Original Version: The spirit of our American radicalism is destructive and aimless: it is not loving; it has no ulterior and divine ends; but is destructive only out of hatred and selfishness. On the other side, the conservative party, composed of the most moderate, able, and cultivated part of the population, is timid, and merely defensive of property. It vindicates no right, it aspires to no real good, it brands no crime, it proposes no generous policy, it does not build, nor write, nor cherish the arts, nor foster religion, nor establish schools, nor encourage science, nor emancipate the slave, nor befriend the poor, or the Indian, or the immigrant. From neither party, when in power, has the world any benefit to expect in science, art, or humanity, at all commensurate with the resources of the nation.

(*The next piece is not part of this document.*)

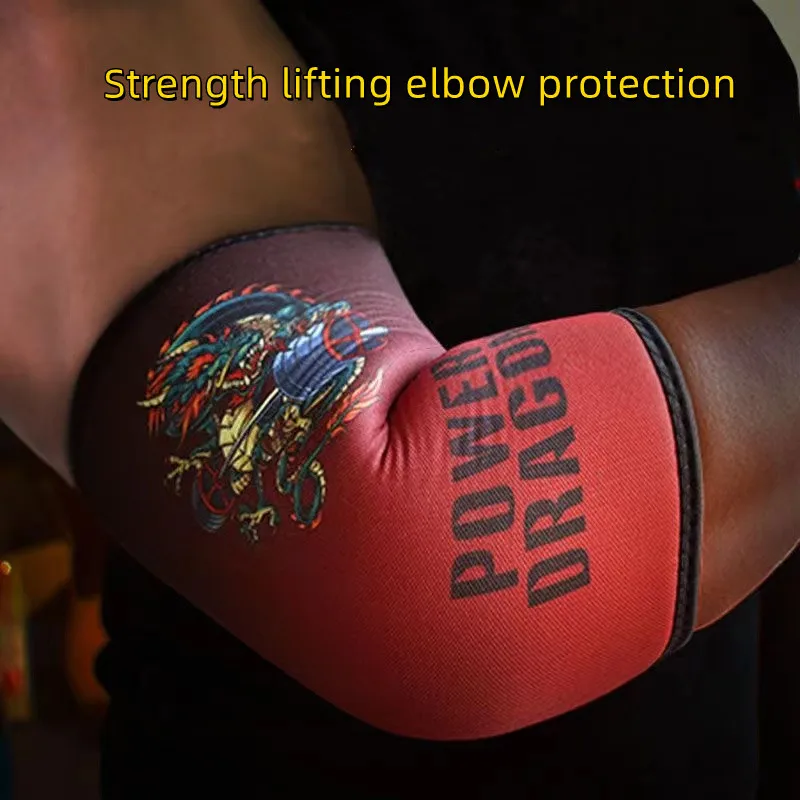 2pcs Powerlifting Elbow Pads Neoprene Personalized Patterns Weightlifting Elbow Pads Bench Press Training Pressurized Support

Condensed Version: The spirit of our American radicalism is destructive and aimless [. . .]. On the other side, the conservative party [. . .] is timid, and merely defensive of property. [. . .] It does not build, nor write, nor cherish the arts, nor foster religion, nor establish schools.
My question is, if the sentence ends in a fragment, how do we employ the usage of the bracketed ellipsis in this case? I would be writing just one fragmented sentence. How would I end it with the bracketed ellipses?
It would be similar to this usage of the unbracketed ellipses, which would simply end with three spaced dots.
The spirit of American radicalism . . .
Using the bracketed ellipses in like manner, would it be
The spirit of our American radicalism [. . .]. [Full stop outside the ending bracket?]
The spirit of American radicalism [. . .] (No full stop outside the ending bracket?]